- _PROMPT_
Scan the data below and copy each line where "living" occurs.

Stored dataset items
┄┄┄┄┄┄

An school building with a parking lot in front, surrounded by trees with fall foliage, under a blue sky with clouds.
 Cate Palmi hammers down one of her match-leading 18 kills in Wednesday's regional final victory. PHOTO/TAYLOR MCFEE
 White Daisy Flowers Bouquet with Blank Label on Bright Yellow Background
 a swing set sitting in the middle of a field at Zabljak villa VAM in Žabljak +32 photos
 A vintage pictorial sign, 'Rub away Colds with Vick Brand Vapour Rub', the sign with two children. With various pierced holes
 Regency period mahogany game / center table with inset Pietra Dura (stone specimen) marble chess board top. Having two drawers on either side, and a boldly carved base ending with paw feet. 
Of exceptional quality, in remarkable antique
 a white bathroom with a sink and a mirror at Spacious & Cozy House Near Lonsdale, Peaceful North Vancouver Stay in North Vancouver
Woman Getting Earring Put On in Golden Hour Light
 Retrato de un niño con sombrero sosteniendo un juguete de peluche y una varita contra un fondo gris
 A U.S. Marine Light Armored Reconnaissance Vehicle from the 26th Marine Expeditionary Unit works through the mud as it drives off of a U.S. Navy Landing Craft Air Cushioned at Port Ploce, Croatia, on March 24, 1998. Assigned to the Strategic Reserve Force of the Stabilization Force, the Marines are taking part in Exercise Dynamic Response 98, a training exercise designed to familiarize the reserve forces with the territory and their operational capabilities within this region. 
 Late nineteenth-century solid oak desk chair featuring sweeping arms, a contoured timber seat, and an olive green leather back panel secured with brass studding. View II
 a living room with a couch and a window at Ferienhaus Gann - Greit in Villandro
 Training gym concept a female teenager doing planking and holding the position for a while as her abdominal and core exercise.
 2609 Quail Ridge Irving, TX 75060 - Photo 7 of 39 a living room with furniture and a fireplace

┄┄┄┄┄┄

- _RESPONSE TO THE TASK_
 a living room with a couch and a window at Ferienhaus Gann - Greit in Villandro
 2609 Quail Ridge Irving, TX 75060 - Photo 7 of 39 a living room with furniture and a fireplace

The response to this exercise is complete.